Some research projects do not produce or reuse any data. If this is the case, applicants do not have to complete a DMP. However, they are asked to explain why they do not expect to generate or reuse any data in their proposed research.
If your project is co-funded, by the SNSF and another funder, and a DMP has been submitted to the latter, you do not have to provide a new one for the SNSF. You can just link to the existing one.

Anything special with personal data?

If your research involves human subjects, you need to contact the Commission Universitaire pour une Recherche Ethique à l'Université de Genève (CUREG). In most cases, confidentiality clauses will prevent you from sharing sensitive data.

Which license should I choose?

You can check on the Creative Commons website to see which license is the most appropriate for your data.

Shall I use the academic NAS?

The Academic NAS is a centralized storage space offered by the University's IT department. It is especially necessary to use it if you need to work give access to the data to UNIGE colleagues, if you do not (or do not want to) make automatic and regular backups of your PC or if the data is too large for your computer.
The constraint related to the academic NAS comes from the fact that it is necessary to be connected to have access to the data.

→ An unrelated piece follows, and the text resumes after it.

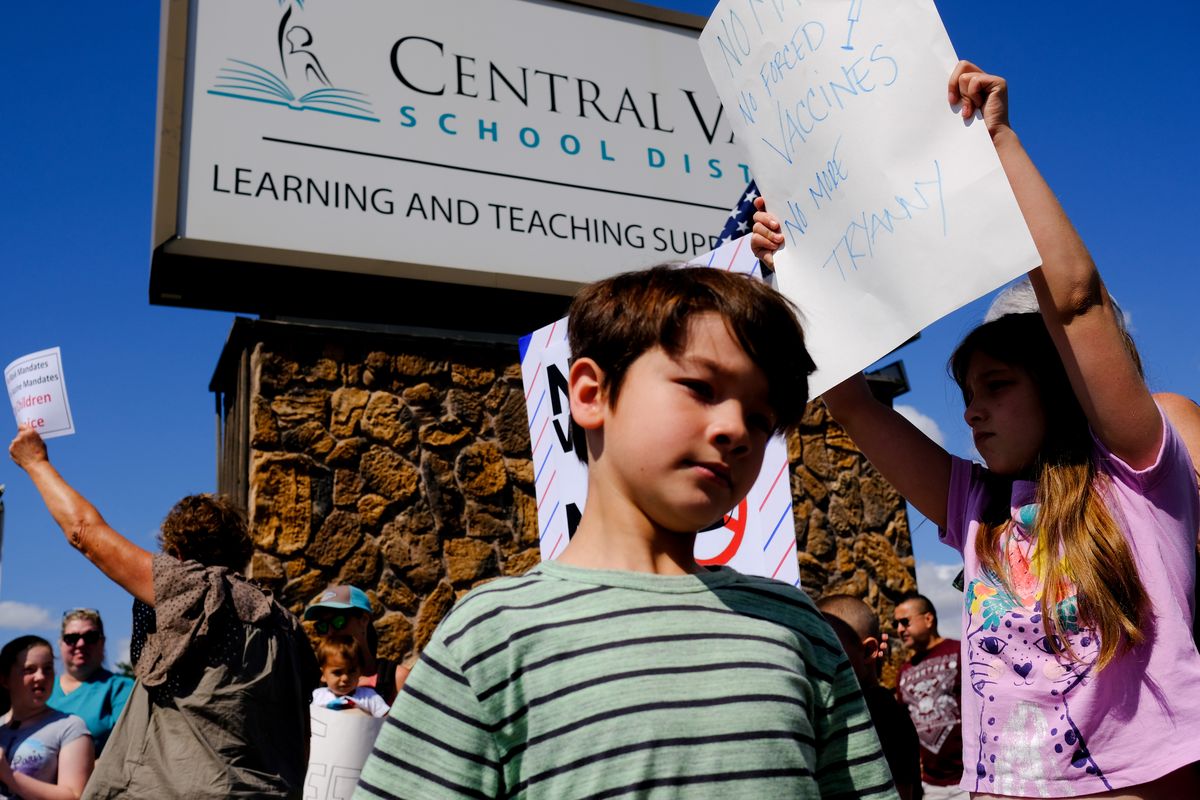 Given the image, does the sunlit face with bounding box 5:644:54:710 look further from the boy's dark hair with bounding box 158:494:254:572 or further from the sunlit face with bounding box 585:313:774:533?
the sunlit face with bounding box 585:313:774:533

Does the SNSF fund the costs of data sharing?

It is possible to ask the SNSF for up to 10'000CHF in addition to the amount allocated to the project for the preparation and validation of the data, as well as for the costs of uploading the data to a non-commercial FAIR repository. This request must be made in myfns.ch when submitting the application for funding. See art. 2.13 of the SNSF's General implementation regulations for the Funding Regulations.